▸ Work required:
The listing below should be printed in full and exactly, apart from its images.

*** Given data ***

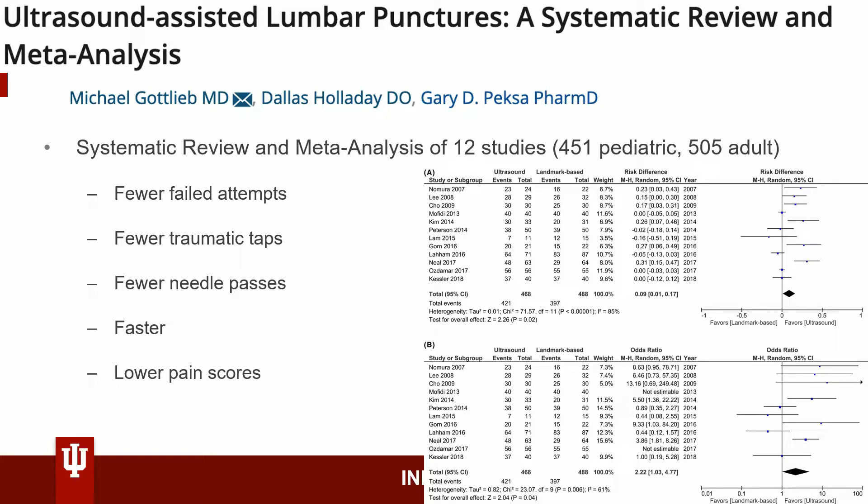The combined analysis showed small but statistically significant fewer failed attempts, fewer traumatic taps, fewer needle passes, less time, and lower pain scores. The risk difference (A) and odds ratio (B) for success rate for all studies is pictured here. Subgroup analysis of pediatric and adult patients did demonstrate that ultrasound reduces traumatic taps for both groups, but failed to re-demonstrate statistical significance for procedural success, although the ultrasound group was still favored.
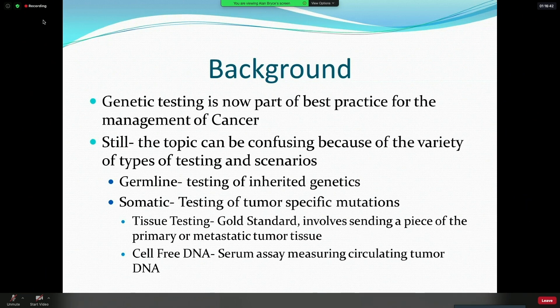To set the conversation, there's a difference between germline and somatic testing. Germline is the testing of inherited genetics — the genetics we receive from our parents and pass on to our children and share with our siblings. Somatic testing is the testing of the mutations that are specific to tumors, acquired during the process of carcinogenesis, that define the cancer as being distinct from the normal healthy tissue.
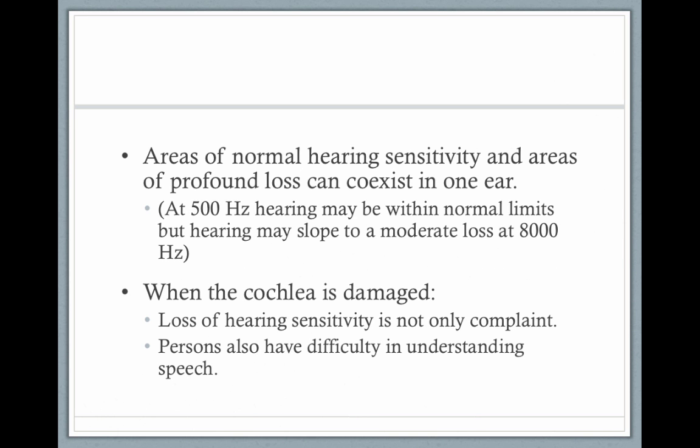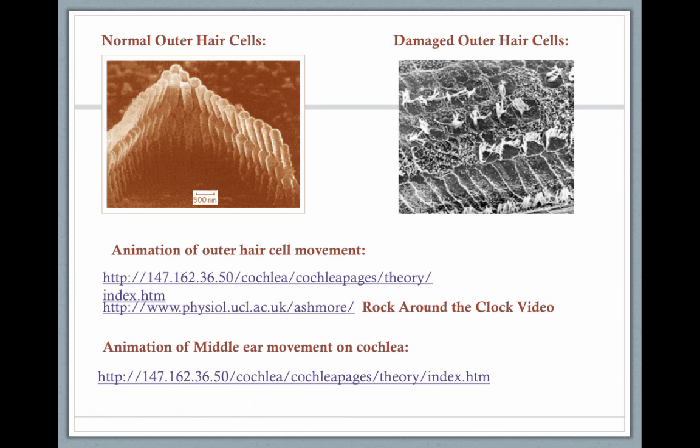You can have areas of normal hearing sensitivity and areas of profound hearing loss. When the cochlea is damaged — for people who have had hearing and then lost it later in life, not necessarily children born deaf — the loss of hearing sensitivity is not the only complaint. People may also complain of difficulty understanding speech. The number one complaint of an adult who has lost hearing is that they can hear but they can't understand. It's audible but not intelligible. On the left is a picture of healthy outer hair cells, and on the right is damaged outer hair cells. It's these outer hair cells that move up and down in response to the traveling wave and signal to the inner hair cells that it's time to fire the auditory nerve.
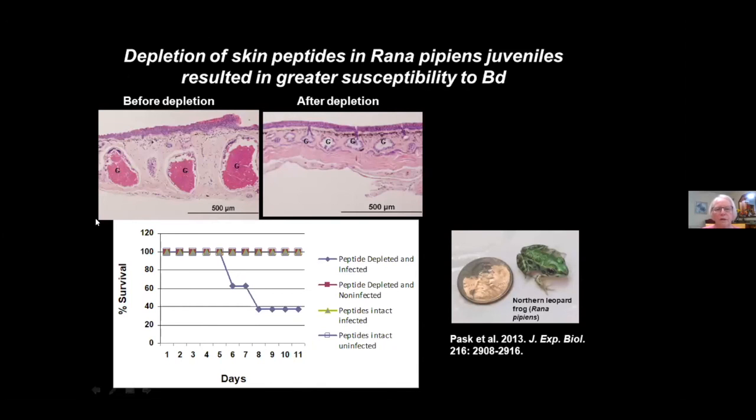If you deplete those peptides by more than one injection of norepinephrine, essentially causing emptying of those granular glands — here are full glands, and here are empty granular glands in the skin of a young, naive northern leopard frog just post-metamorphosis — those peptide-depleted frogs become much more susceptible to infection, disease, and death.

*** End of Given data ***

▸ Solution for this problem:
The combined analysis showed small but statistically significant fewer failed attempts, fewer traumatic taps, fewer needle passes, less time, and lower pain scores. The risk difference (A) and odds ratio (B) for success rate for all studies is pictured here. Subgroup analysis of pediatric and adult patients did demonstrate that ultrasound reduces traumatic taps for both groups, but failed to re-demonstrate statistical significance for procedural success, although the ultrasound group was still favored.
To set the conversation, there's a difference between germline and somatic testing. Germline is the testing of inherited genetics — the genetics we receive from our parents and pass on to our children and share with our siblings. Somatic testing is the testing of the mutations that are specific to tumors, acquired during the process of carcinogenesis, that define the cancer as being distinct from the normal healthy tissue.
You can have areas of normal hearing sensitivity and areas of profound hearing loss. When the cochlea is damaged — for people who have had hearing and then lost it later in life, not necessarily children born deaf — the loss of hearing sensitivity is not the only complaint. People may also complain of difficulty understanding speech. The number one complaint of an adult who has lost hearing is that they can hear but they can't understand. It's audible but not intelligible. On the left is a picture of healthy outer hair cells, and on the right is damaged outer hair cells. It's these outer hair cells that move up and down in response to the traveling wave and signal to the inner hair cells that it's time to fire the auditory nerve.
If you deplete those peptides by more than one injection of norepinephrine, essentially causing emptying of those granular glands — here are full glands, and here are empty granular glands in the skin of a young, naive northern leopard frog just post-metamorphosis — those peptide-depleted frogs become much more susceptible to infection, disease, and death.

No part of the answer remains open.